Intellectual 290 points

Replies: 3

Views: 254

Part Number: DRV8837

dear ti expert,

    i am using drv8837 to drive DC motor, i see that if both inputs to DRV8837 is high, it is brake . i wonder what is the purpose of brake ,just using to control the duty cycle of the driver's output(generally,from the word ,'brake', i think it is a process of stop something)? and in order to stop the motor ,only can use drv8837 in coast mode? 

by the way ,can i control drv8837 using an  external MCU's complementary pwm function?  thanks

  • Hi Jack,

    Brake mode occurs when the winding outputs are shorted. When the winding outputs are shorted, the current goes into slow decay (you can learn more about current regulation and decay modes here). In slow decay, the winding current does not change very much but it converts its mechanical energy to heat because of the winding short. This is why we call it "Brake".

    In coast mode, the output terminals are set to High-Z state (open) as shown in Table 1 of the datasheet. The current in this case will go into fast decay mode. In fast decay mode, the current is not maintained in the coils and instead flows back to the input source (input bulk capacitor). Effectively, the motor will continue to keep spinning and that is why it is called "Coast". If input cycles are continued to be sent to device, the motor will be accelerated during the ON time and will "Coast" during the OFF time and this will continue to happen until there is a balance between the energy added during the ON time and the energy dissipated during the OFF time. If input cycles are stopped being sent to device, them the motor should "Coast" to a stop but the time it takes to stop will depend heavily on friction. 

    [Q]: by the way ,can i control drv8837 using an  external MCU's complementary pwm function? 

    [A]: Yes, you can do that. Just make sure to follow the timing requirements on section 6.6 of the datasheet

    I hope that answers your question.

    Regards,
    Pablo Armet
    Motor Applications Team

  • In reply to Pablo Armet:

     ear Pablo,

        thanks for your reply. from drv8837 datasheet, in brake mode , both input1 and input2 should be high. but in complementary pwm mode ,i think that if input 1 is high, then input 2 should be low, vice versa.  if it is this case ,i don't think if is possible for complementary pwm to brake. i am confused ,will you kindly detial it? thanks.

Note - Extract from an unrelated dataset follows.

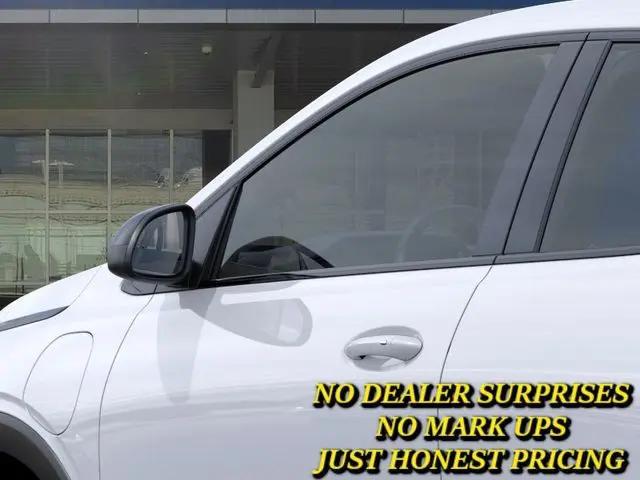 2027 Chevrolet Bolt LT FWD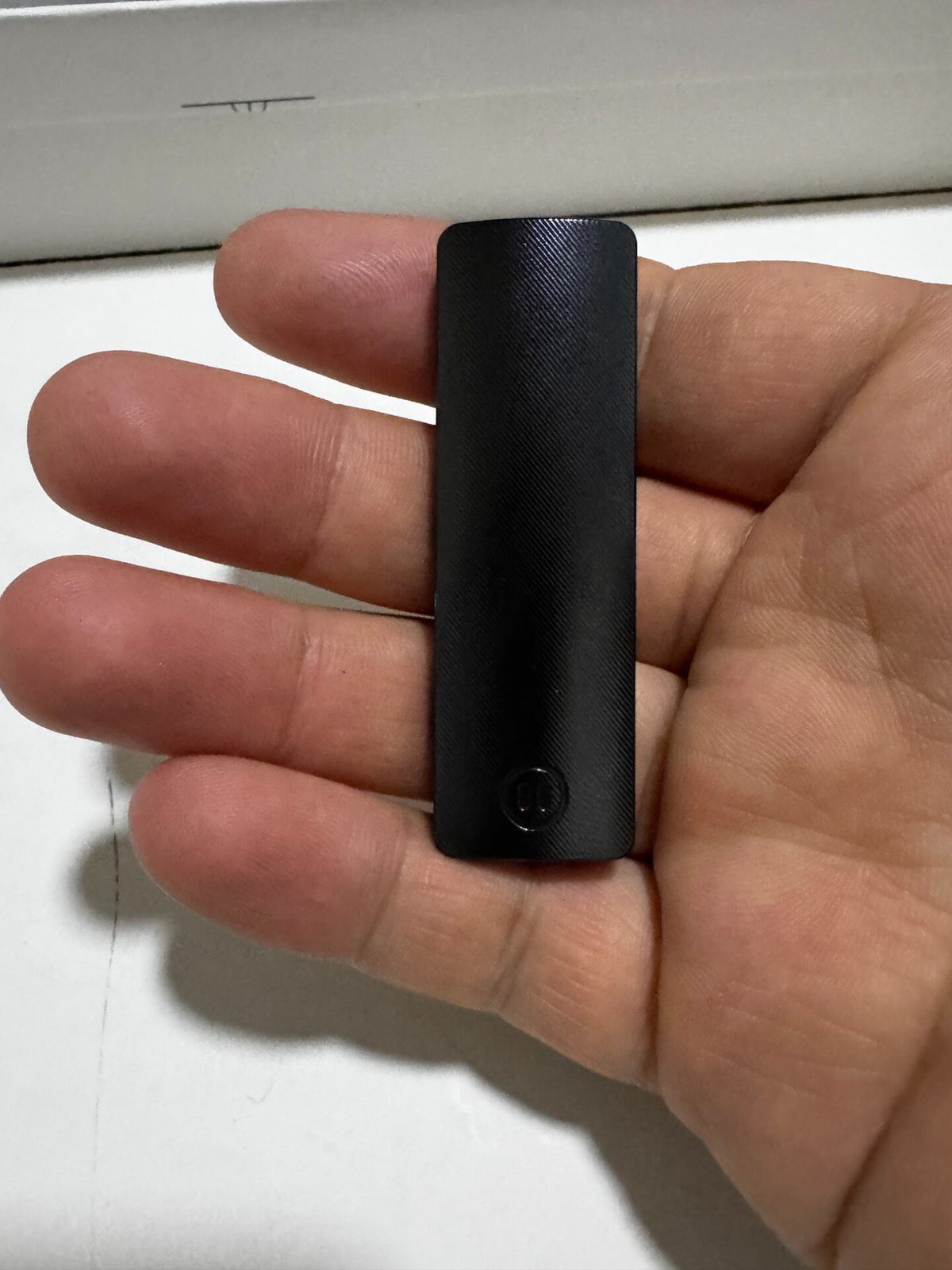 Ji Li 2.0 Zirconium Limited Edition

    i got drv8837EVM from Ti, and measure its output as above , i found that it exists brake mode during motor spin because there is period in which both input is high ,according to datasheet ,it is brake ,also as you mentioned ,in brake mode ,mechanical energy converted to heat . so i wonder why not replace brake mode with coast mode ?

  • In reply to jack bi:

    Hi Jack,

    In brake mode the motor winding terminals need to be shorted together. If they cannot be shorted, then brake mode will not work. When using complementary PWM, you might not be able to get both IN1 and IN2 to be high to get H-bridge in brake mode. The complementary PWM control method only gives fast decay or coast mode. Click here to look at how Coast mode works in complementary PWM mode vs conventional PWM mode. Hopefully this clears some of your confusion.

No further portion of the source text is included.